Minorities in Shark Science
Carlee Jackson, is co-founder of Minorities in Shark Science, which offers opportunities for minority girls to study marine science. Courtesy of Field School.

Minorities in Shark Science

FAU Alumna Co-founds Organization to Promote Diversity and Break Barriers

Emerging shark scientist and FAU alumna Carlee Jackson is on a mission to create opportunities for minority girls to get into marine science. And to do that, last summer she co-founded an organization called Minorities in Shark Science, (MISS) along with four other young Black women.

“There are still obstacles in science and marine science that are preventing minorities from succeeding. MISS is here to break down those obstacles that we ourselves have experienced,” Jackson said.

Growing up in Detroit, Jackson was enamored with sharks from a young age. At a book fair she discovered a book with a shark on it when she was about 5 years old. “I was just drawn to it,” Jackson said. “And I was immediately hooked on sharks and anything about the ocean. That has stuck throughout my whole life.” Though it was a little surprising to her parents at the time, (her mom is a musician and her dad is a lawyer) they always supported her. Her dad even got scuba certified so they could explore underwater together.

But most of the featured scientists on Discovery Channel’s Shark Week did not look like her — they were white and male, she said. Rather than be deterred by that, however, Jackson just figured “she would be the first.”

To chase her passion, Jackson left Michigan in 2012 to attend Florida Atlantic University and study biology, where she was often the only person of color in her classes, she said. Though busy as a student athlete, she volunteered with shark scientist Marianne Porter, Ph.D., a professor in the Charles E. Schmidt College of Science, in her senior year. It was during this time as an undergraduate she also saw her first shark in the wild – a small nurse shark under a rock – while snorkeling from the beach in Boca Raton.

After graduating from FAU in 2016, she attended nearby Nova Southeastern University for graduate school. She was researching sharks and studied the impacts of feeding nurse sharks for tourism in Belize. Jackson has a particular fondness for nurse sharks, which she says often get overlooked by the more charismatic species like tiger sharks and hammerheads. “I’m an underdog, and maybe that’s why I like nurse sharks so much,” she said.

In an effort to help the other underdogs — the minorities in marine science — she launched MISS.

It started when she and her co-founders, three other young Black women, in shark science connected online.
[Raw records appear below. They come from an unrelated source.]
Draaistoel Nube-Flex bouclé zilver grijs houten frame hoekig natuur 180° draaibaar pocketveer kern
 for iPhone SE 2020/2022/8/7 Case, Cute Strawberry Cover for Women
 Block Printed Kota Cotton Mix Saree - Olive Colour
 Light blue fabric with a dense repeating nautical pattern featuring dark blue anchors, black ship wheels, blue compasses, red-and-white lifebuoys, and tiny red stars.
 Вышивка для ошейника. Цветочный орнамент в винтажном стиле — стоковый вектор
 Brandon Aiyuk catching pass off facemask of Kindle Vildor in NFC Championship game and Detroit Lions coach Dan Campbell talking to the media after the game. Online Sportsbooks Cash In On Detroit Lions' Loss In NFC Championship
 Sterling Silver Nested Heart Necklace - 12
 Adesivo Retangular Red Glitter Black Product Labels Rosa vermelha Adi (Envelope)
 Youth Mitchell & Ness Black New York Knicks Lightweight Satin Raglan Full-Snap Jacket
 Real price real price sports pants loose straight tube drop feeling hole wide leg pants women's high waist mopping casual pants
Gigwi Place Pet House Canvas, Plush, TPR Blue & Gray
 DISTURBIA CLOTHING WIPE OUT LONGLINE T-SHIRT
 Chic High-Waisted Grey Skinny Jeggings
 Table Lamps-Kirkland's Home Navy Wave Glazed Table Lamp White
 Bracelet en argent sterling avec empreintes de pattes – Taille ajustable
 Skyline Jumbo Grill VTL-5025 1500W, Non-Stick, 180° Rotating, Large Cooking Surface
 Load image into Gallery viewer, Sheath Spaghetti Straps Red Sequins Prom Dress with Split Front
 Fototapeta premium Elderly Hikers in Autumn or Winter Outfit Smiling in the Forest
That’s how MISS was born, she said. “We wanted to create something for women of color, so that other Black girls don't feel the same way we do, which was very alone in the field,” Jackson said.

Now, MISS has more than 200 members and is providing fully funded opportunities for other young students to get experience with sharks, including workshops, summer camps and internships. To do that, they are partnering with research organizations including the Bimini Shark Lab in the Bahamas, and Ocean Research Institute based out of South Africa, as well as the Field School in Miami.

For Jackson, the ultimate goal is to provide more opportunities to diversify this field, adding, “Diversity of thought, leads to innovation and new discoveries.”